• _Supplied data_:
<<<<
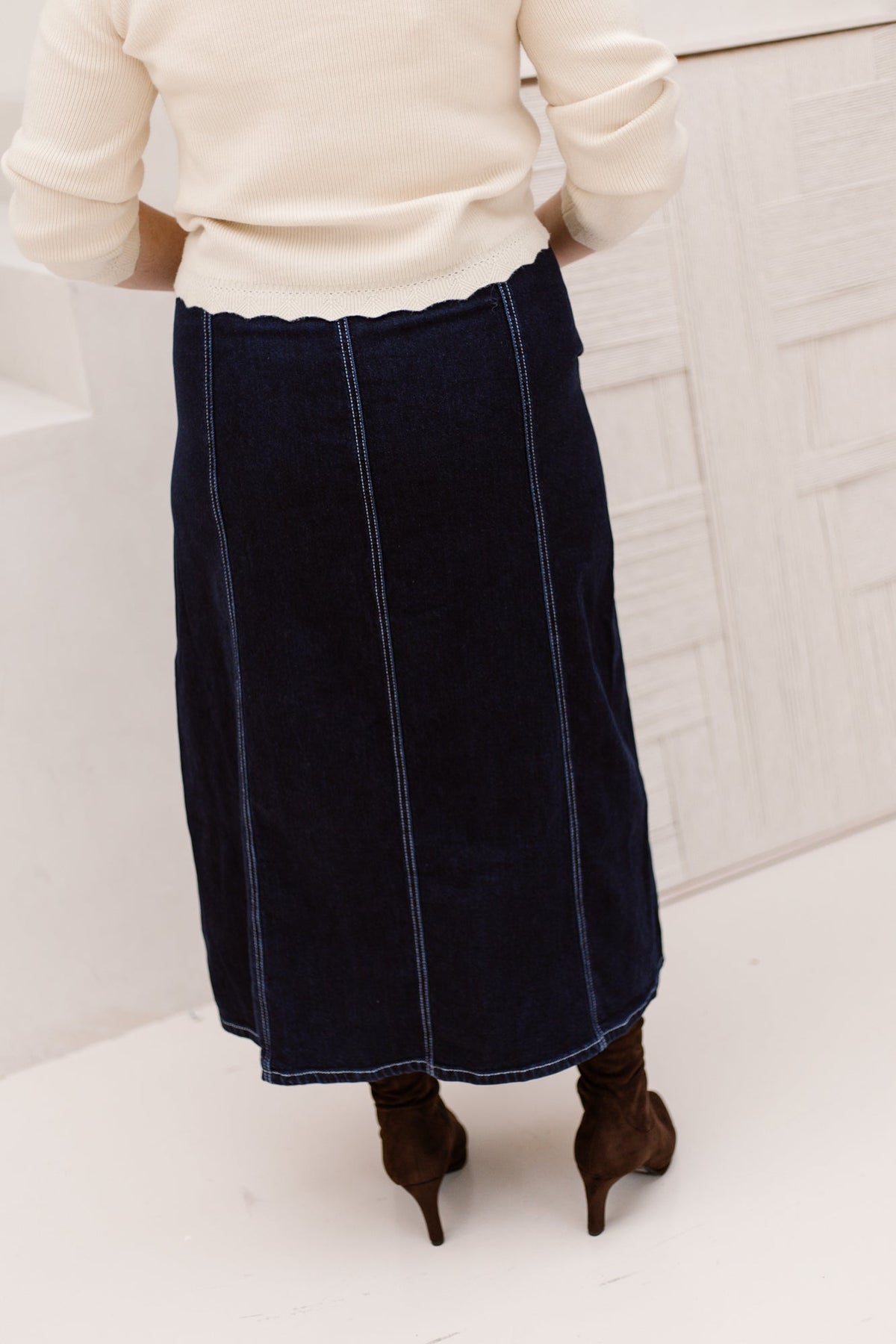 Jade denim skirt long dark - Bij Keesje - Bij Keesje - Rok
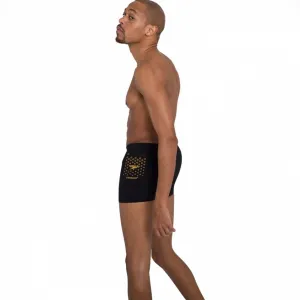Pánske plavky speedo pocket aquashort black/mango 32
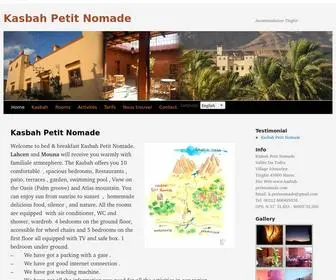 Kasbah-Petitnomade.com(Kasbah Petit Nomade) Screenshot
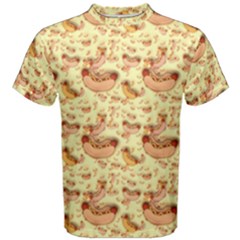 Hot-dog-pizza Men s Cotton Tee by nate14shop
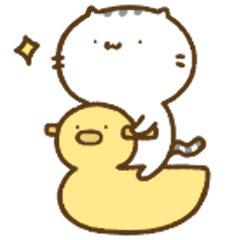 [LINEスタンプ] にゃんこ＆にゃんたの日常③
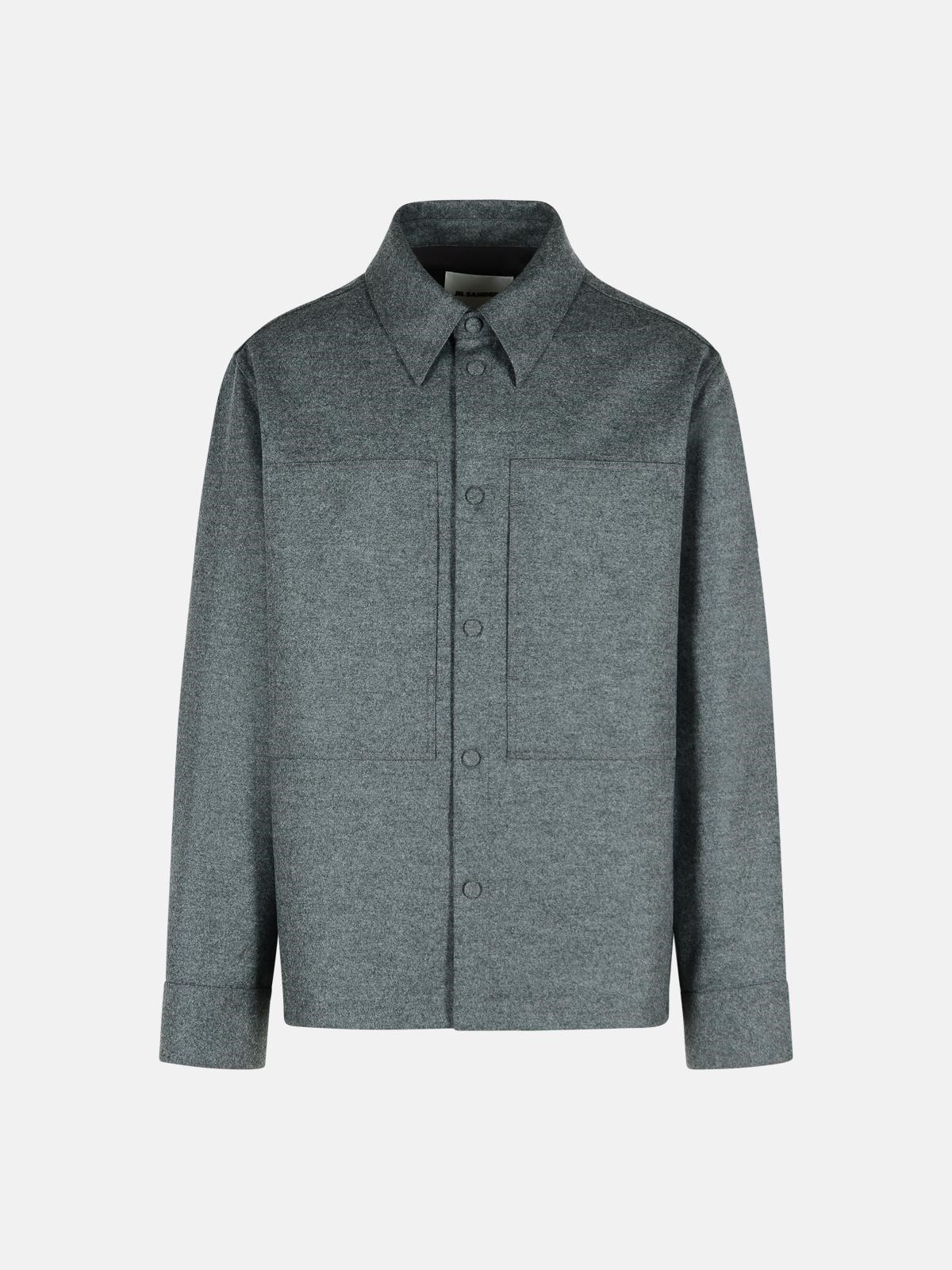 GREY WOOL SHIRT - 1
>>>>
Using the material above, restate word for word the lines from the line that has "Hot-dog-pizza Men s Cotton Tee by nate14shop" to the last line, inclusive, with pictures omitted.

 Hot-dog-pizza Men s Cotton Tee by nate14shop
 [LINEスタンプ] にゃんこ＆にゃんたの日常③
 GREY WOOL SHIRT - 1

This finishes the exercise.